原作・構成酒井七馬、作画手塚治虫として1947年に育英出版から書き下ろしで出版された単行本の復刻本。手塚治虫が初めて出した長編漫画単行本であり、手塚伝説はここから始まった。多くの漫画家がこのマンガで影響を受けたと語っており、特に藤子不二雄Aまんが道』によって神格化された作品である。ストーリーを削ったり、絵の一部を酒井が上から描き直したことなどから、手塚治虫は本書のことを気に入っておらず、講談社から出た漫画全集でも全てを書き直した作品として出版していたため、当時の版は長く幻となっていた。他に「新宝島読本」を収録。
豪華限定版は手塚が学生時代に描いた習作『オヤヂの宝島』(未完)、絵本『タカラジマ』に、未使用原稿の複製画が3枚入っている。
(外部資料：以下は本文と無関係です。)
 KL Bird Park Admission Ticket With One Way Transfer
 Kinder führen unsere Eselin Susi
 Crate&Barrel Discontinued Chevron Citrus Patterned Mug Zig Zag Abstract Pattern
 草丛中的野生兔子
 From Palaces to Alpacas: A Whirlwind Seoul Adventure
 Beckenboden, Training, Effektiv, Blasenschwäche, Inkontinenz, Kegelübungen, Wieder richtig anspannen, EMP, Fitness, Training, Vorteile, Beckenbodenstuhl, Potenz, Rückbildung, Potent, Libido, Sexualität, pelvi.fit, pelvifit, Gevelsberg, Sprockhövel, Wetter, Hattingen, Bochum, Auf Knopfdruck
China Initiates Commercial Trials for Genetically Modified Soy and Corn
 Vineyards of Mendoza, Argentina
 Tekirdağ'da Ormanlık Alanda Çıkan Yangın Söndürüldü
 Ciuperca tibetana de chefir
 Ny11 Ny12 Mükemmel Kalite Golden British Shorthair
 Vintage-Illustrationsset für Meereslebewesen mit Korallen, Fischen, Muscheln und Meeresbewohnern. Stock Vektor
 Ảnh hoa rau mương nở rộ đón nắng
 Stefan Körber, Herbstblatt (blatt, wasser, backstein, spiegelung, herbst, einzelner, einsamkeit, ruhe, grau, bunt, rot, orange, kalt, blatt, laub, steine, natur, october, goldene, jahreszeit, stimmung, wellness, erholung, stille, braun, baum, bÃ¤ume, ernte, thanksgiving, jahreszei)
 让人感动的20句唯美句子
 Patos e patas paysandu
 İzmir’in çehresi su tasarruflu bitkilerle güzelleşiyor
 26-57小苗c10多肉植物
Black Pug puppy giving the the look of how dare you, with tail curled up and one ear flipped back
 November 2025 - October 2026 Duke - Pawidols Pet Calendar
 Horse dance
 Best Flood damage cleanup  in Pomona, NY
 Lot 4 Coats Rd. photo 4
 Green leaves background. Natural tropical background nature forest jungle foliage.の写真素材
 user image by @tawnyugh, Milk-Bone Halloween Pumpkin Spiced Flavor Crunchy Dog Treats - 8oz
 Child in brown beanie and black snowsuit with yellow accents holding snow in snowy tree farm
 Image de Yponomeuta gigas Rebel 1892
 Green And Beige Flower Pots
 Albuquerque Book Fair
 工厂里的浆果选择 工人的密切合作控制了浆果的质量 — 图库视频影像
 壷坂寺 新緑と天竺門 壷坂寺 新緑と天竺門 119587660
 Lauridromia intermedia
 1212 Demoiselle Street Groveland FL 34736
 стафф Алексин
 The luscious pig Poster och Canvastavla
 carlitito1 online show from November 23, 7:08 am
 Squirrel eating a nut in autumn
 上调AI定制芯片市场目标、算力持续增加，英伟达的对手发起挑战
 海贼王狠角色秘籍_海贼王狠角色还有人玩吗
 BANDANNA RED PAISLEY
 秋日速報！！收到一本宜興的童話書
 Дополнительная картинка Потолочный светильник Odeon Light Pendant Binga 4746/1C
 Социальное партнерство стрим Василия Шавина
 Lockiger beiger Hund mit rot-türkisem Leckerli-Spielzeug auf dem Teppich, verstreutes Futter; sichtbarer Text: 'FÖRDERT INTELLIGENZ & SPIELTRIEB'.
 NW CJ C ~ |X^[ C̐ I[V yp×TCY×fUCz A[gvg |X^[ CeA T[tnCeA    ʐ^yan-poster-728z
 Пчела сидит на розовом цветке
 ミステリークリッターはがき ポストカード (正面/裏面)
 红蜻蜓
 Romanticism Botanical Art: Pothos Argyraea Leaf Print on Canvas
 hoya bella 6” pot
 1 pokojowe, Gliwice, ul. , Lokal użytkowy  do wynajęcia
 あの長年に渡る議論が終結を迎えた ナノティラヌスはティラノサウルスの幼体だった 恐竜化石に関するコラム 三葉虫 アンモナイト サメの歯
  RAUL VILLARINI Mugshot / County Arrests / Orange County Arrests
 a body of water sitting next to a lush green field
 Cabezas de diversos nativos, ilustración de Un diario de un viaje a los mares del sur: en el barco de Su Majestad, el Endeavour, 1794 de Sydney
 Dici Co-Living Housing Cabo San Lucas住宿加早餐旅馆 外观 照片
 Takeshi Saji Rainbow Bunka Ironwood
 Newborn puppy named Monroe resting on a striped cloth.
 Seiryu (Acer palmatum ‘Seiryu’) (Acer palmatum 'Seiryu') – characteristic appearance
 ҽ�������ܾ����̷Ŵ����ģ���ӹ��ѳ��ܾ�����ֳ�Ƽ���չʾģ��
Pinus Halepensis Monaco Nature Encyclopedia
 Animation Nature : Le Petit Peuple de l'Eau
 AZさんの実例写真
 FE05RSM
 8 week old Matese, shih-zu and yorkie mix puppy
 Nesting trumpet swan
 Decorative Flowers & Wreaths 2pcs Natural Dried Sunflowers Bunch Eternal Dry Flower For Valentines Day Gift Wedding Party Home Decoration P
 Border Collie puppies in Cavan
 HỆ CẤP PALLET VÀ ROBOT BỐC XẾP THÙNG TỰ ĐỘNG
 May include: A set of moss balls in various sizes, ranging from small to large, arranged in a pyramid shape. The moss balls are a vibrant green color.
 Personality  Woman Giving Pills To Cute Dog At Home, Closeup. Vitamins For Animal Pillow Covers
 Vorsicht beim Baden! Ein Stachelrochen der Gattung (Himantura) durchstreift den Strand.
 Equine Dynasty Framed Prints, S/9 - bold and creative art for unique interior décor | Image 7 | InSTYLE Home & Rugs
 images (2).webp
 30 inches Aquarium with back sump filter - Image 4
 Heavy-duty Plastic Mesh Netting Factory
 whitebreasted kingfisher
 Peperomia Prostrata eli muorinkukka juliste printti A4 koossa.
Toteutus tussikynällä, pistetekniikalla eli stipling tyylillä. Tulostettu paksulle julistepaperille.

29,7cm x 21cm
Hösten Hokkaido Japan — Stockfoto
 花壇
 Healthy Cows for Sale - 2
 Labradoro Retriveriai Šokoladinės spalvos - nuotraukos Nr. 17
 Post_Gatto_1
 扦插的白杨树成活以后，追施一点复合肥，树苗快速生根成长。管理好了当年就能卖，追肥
まあ未完とはいえ『オヤヂの宝島』に『タカラジマ』も入っているのだからということで、迷わず豪華限定版を購入。最近出ている様々な手塚復刻本は買う気にならないが、さすがに『新宝島』だけは特別である。
とはいえ、今読んで面白いかと言われたら当然ながら微妙。この本が当時の漫画好き少年の全てを熱狂させたという事実を思い浮かべながら読めばいいんじゃないかな。
どうでもいいが、結末は手塚の漫画全集版よりこちらの方がいいと思う。やっぱり夢オチでがっかりさせる結末はダメだよ。夢オチでよかった、という結末ならまだしも。
買うだけ買って今頃読むのはいつものこと。実は『バンビ』もまだ読んでいない(苦笑)。